Greenpeace Indonesia pada Mei 2024 merilis laporan visual dan peta konsesi tambang yang menggambarkan hampir seluruh daratan Pulau Kawe telah diberikan izin eksplorasi dan eksploitasi nikel. Kampanye #SaveRajaAmpat pun menggema luas di media sosial, menandai perlawanan digital terhadap ekspansi tambang di kawasan konservasi laut dan pesisir ini.
Pernyataan publik terkait proyek tambang di Raja Ampat sebelumnya juga pernah disampaikan oleh Bahlil Lahadalia, saat masih menjabat sebagai Menteri Investasi atau Kepala BKPM. Ia menyebut bahwa aktivitas tambang dijalankan dengan pendekatan yang memperhatikan aspek lingkungan dan memberdayakan masyarakat lokal. Kini ia menjabat sebagai Menteri ESDM lembaga pemberi izin itu sendiri.
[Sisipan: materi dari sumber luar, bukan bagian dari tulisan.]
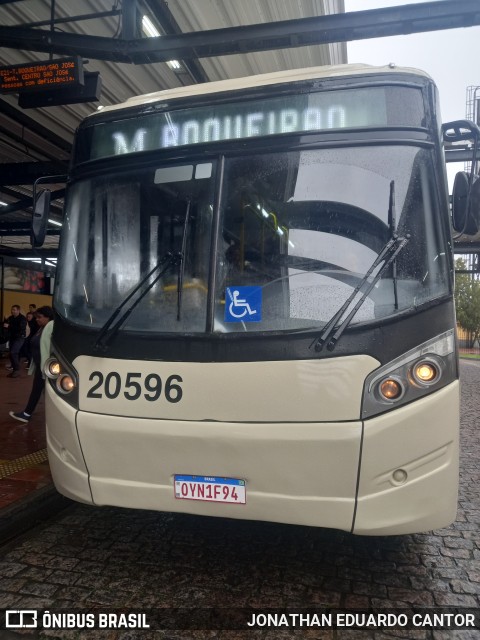 Auto Viação São José dos Pinhais 20596 na cidade de Curitiba, Paraná, Brasil, por JONATHAN EDUARDO CANTOR. Número da foto: #13294326.
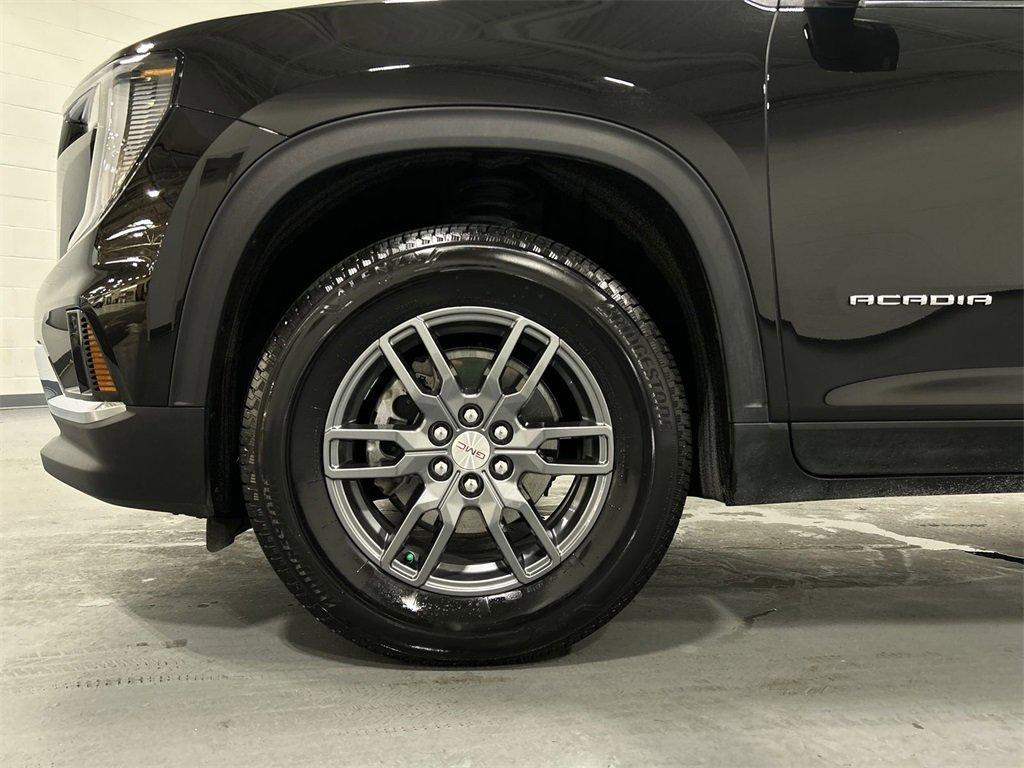 used 2025 GMC Acadia car, priced at $41,999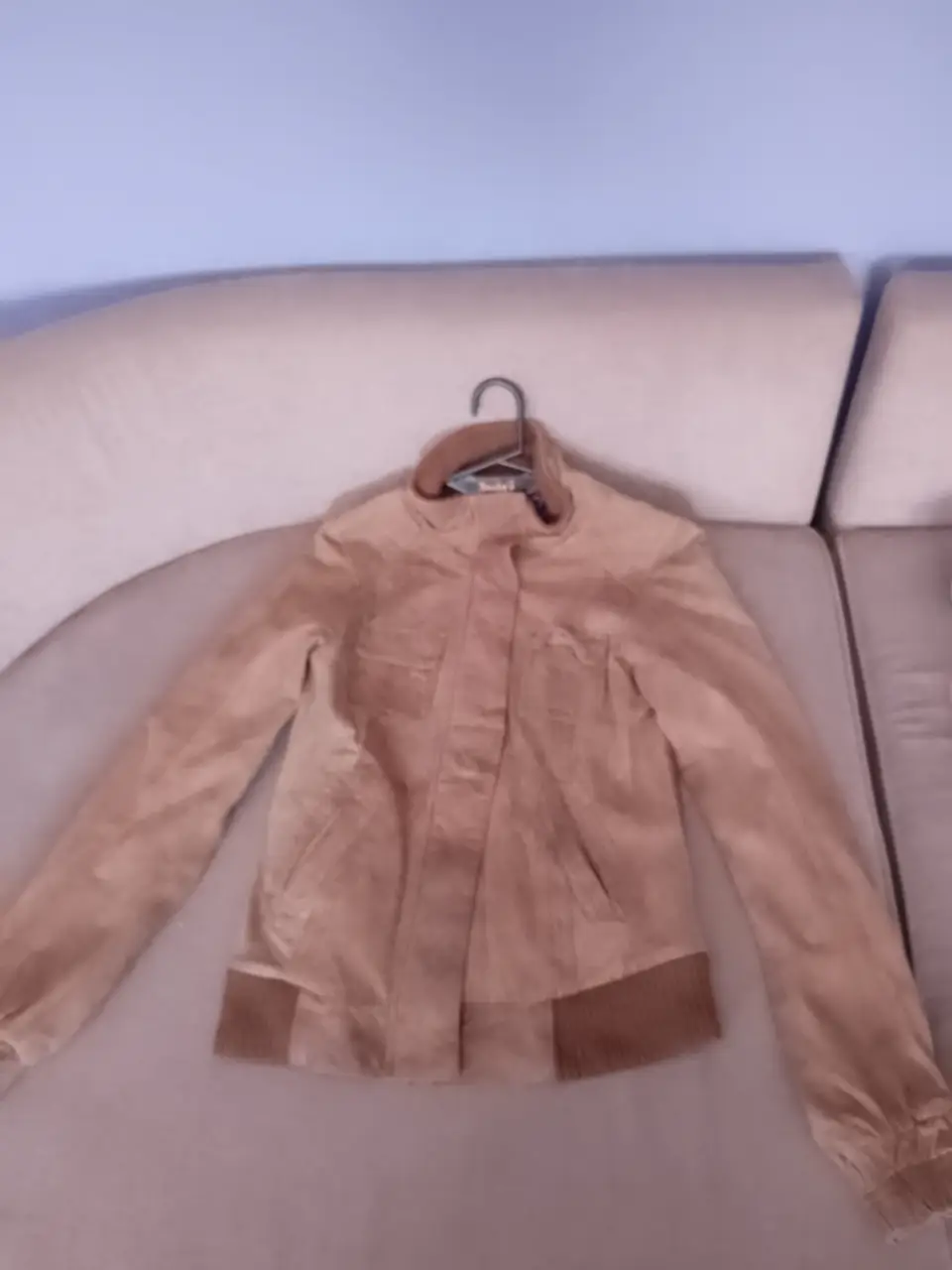Campera de gamuza marrón, Berska con cierre y detalles en los puños y cintura. Ideal para un look casual y canchero.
Maka, publik tentu menaruh harapan dan kecurigaan sekaligus, akankah prinsip kehati-hatian ditegakkan ataukah izin tetap mengalir?
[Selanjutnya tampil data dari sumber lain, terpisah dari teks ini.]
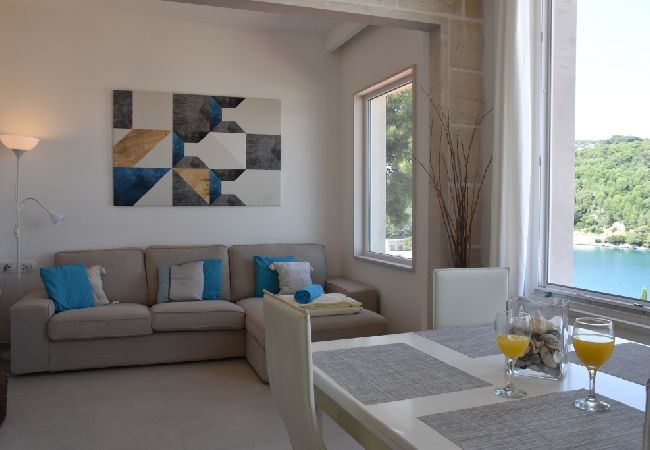 House in Sumartin - Holiday Home in Sumartin with Seaview, Air condition, WIFI, Washing machine (682-2) House in Sumartin - Holiday Home in Sumartin with Seaview, Air condition, WIFI, Washing machine (682-2)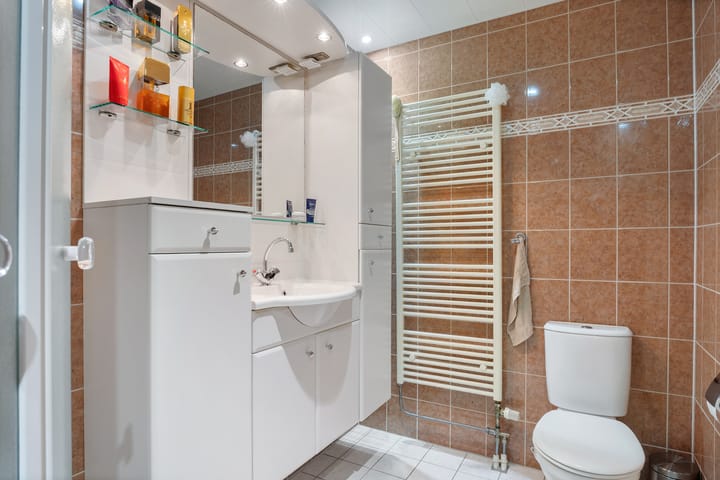 Photo 44 of Gele Lis 156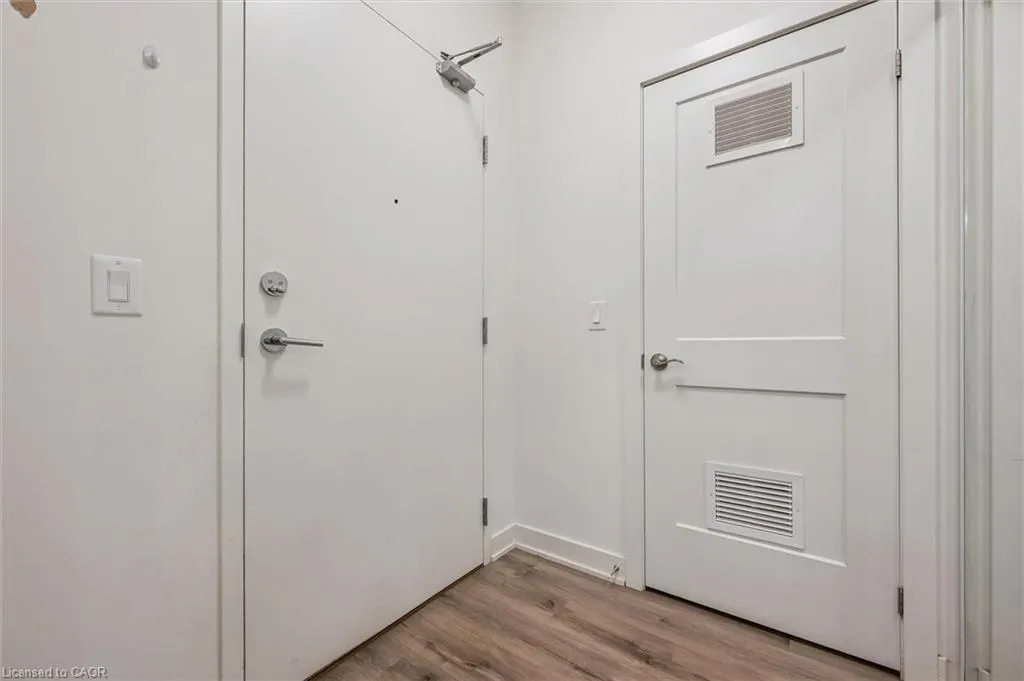 110 Fergus Avenue, #423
Penelitian oleh Universitas Papua (2021) dan studi WALHI Papua Barat (2022) menyebutkan bahwa lemahnya tata kelola pertambangan di wilayah ini ditandai oleh minimnya partisipasi masyarakat adat, rendahnya transparansi dalam proses perizinan, serta konflik tenurial yang tidak diselesaikan secara adil. Dalam konteks Raja Ampat, semua gejala ini sedang berulang.